Please repeat exactly the lines below from the line with "PA license plate JTJ7465" to the line with "a snowy mountain", including both, and leave out every picture.

Extracted information START

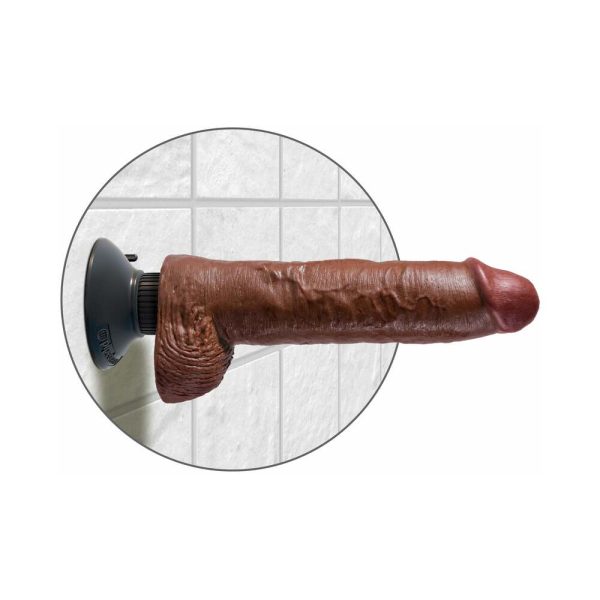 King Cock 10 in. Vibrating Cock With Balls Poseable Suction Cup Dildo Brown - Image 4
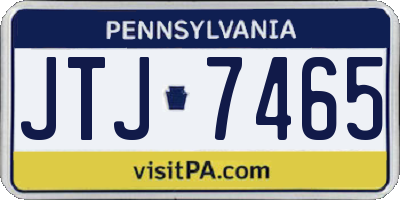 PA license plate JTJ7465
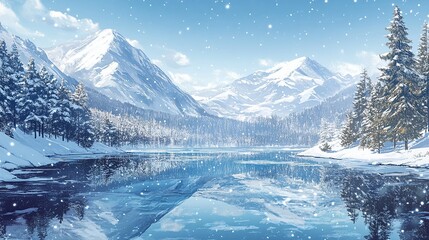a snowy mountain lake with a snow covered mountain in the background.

Extracted information END
Extracted information START

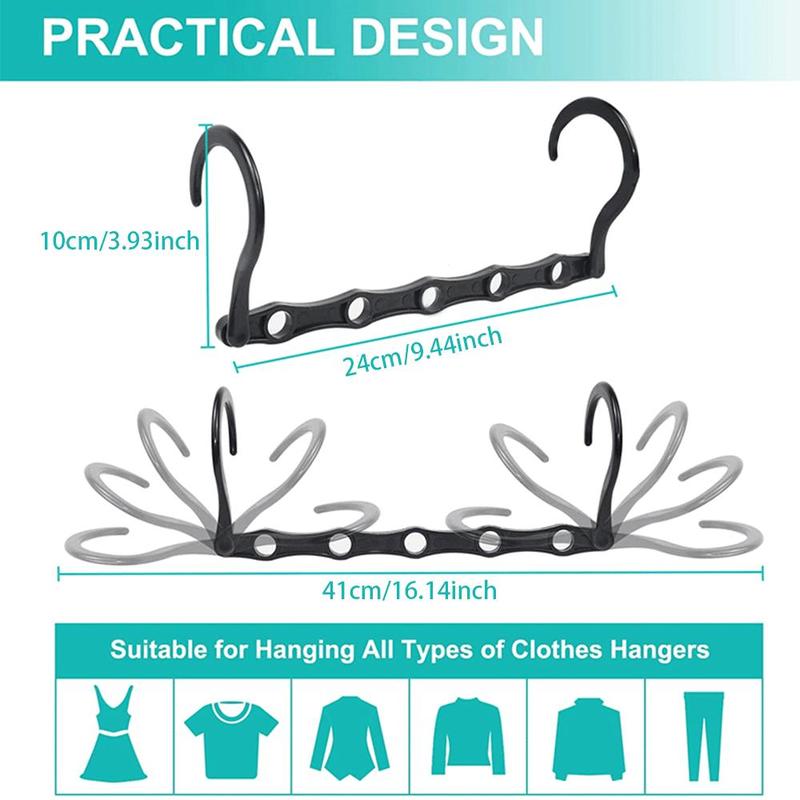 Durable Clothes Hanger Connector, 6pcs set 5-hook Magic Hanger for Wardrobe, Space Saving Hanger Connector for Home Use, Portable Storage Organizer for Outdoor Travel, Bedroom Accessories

Extracted information END

◆ **Exercise solution**
 PA license plate JTJ7465
a snowy mountain lake with a snow covered mountain in the background.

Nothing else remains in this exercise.